Let Your Pond Breathe!
You’ve waited all winter to spend time enjoying your pond.
Now make the most of it, and help your pond be the healthiest it can be!
When a pond is fresh and new, it’s water is usually at its clearest. As the pond water is used, organic elements in the pond such as bird and fish excrement, plant fragments and dead algae decompose. This process consumes oxygen and over time, diminishes the clarity of your pond water.
Here are a few simple steps you can take to help keep your pond healthy and oxygenated:
- Take a plant inventory: Maintain a sweet-smelling sanctuary by monitoring the types, quantities and locations of plants in and around your pond. Avoid aquatic nuisance species that can literally choke the life out of your pond. The United States Department of Agriculture defines these as nonindigenous species that threaten the diversity or abundance of native species. Avoid plants such as Curly Pondweed, Common Reed, and Water Lettuce (full list here). Instead, choose plants that will act as natural water filters and oxygenators, such as Carolina Fanwort, Lotus flower, or Bulrush.
See your pond through a fisheye lens: You may love that big, beautiful oak tree that shades your pond, but a lack of sunlight can impact pond muckiness, slowing down fish metabolism and keeping pond plants from properly oxygenating the pond.

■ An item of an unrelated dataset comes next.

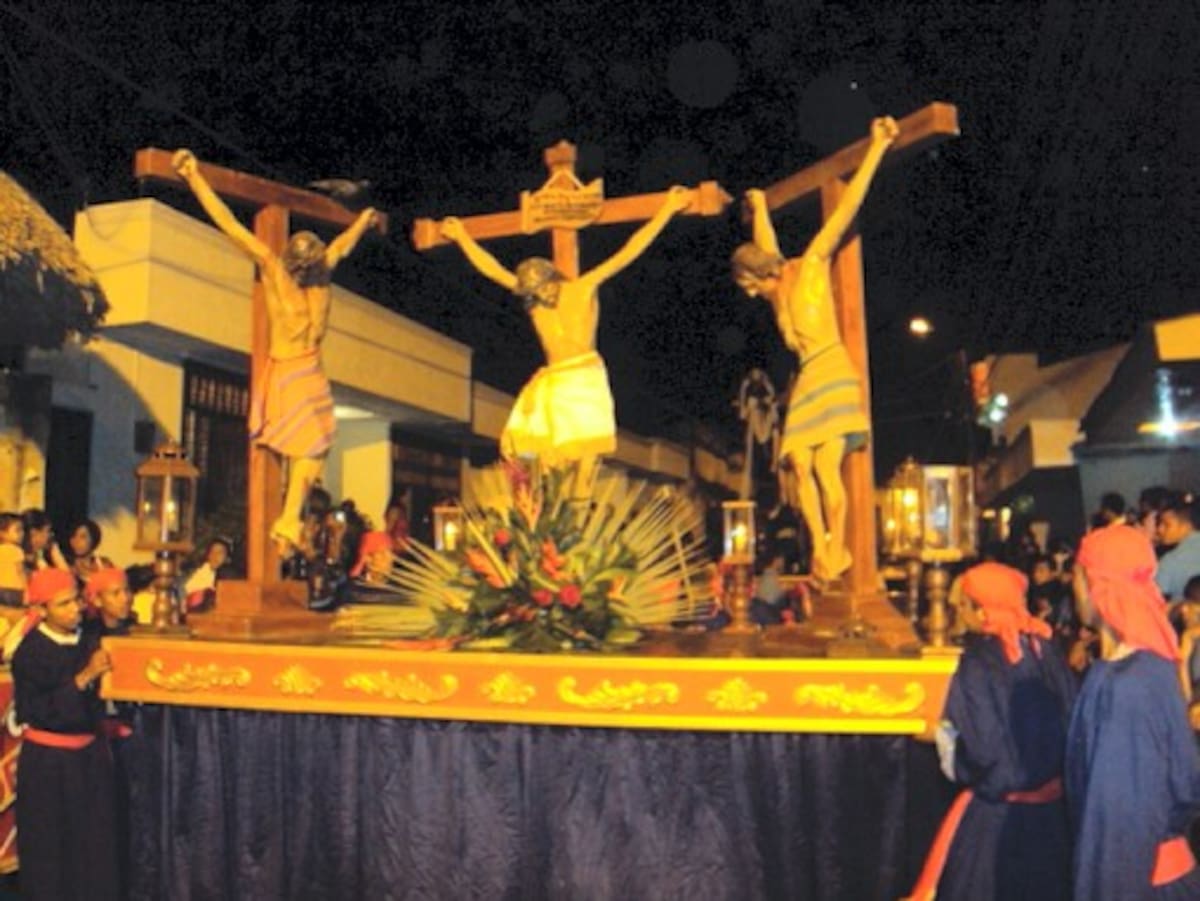 Jesús y los dos ladrones.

According to Iowa State University Extensions Fisheries and Agriculture specialist D. Allen Pattillo, 15 - 25% of a ponds total surface area should be covered with some form of vegetation. Prune back overarching branches that could drop too many leaves onto the pond, which will use precious pond oxygen to decompose.
- Turn down the heat: Rising temperatures can lower your ponds oxygen, and the more shallow the pond, the more sensitive it will be to temperature fluctuations. In the summer, pond water should be in the range of 68 to 74 degrees Fahrenheit, and will lose much of its ability to hold oxygen when the temperature is above 85 degrees. If you notice fish coming to the surface to gulp for air, leaving behind a trail of frothy bubbles, add a pump or fountain to keep your pond water oxygenated, and to keep your fish alive! Pond thermometers are cheap and easy to use, and can make all the difference in the health of your pond. Your fish will thank you!
- Turn on the air: When it comes to animal life in your pond, more is not necessarily better. The oxygen in a pond is a limited resource, and there’s a lot of competition for it! Aerate your pond. Use the largest most efficient, fine-bubble aeration system you can afford - your fish will thank you! Also keep an eye on the different species of aquatic animals in your pond, and remove any that are on the USDA Invasive Aquatic Animals list, such as Asian Carp, Rusty Crayfish, or Zebra Mussels.
- Don’t overfeed your fish! Excessive fish food leads to excessive fish excrement, which is a delicious nutrient source for smelly algae! The proper amount to feed your fish depends on the temperature of your pond, and the total poundage of fish in the pond. If water temperature drops below 55 degrees Fahrenheit or exceeds 90 degrees Fahrenheit, fish metabolism slows down enough that you should suspend feeding. Larger pond fish such as Koi and larger goldfish can survive on reserves for a few months, but if extreme temperatures last longer than that, consider temporarily moving your fish to a more stable environment (Garden Ponds: Basic Pond Setup and Maintenance, Dennis Kelsey-Wood, 2012).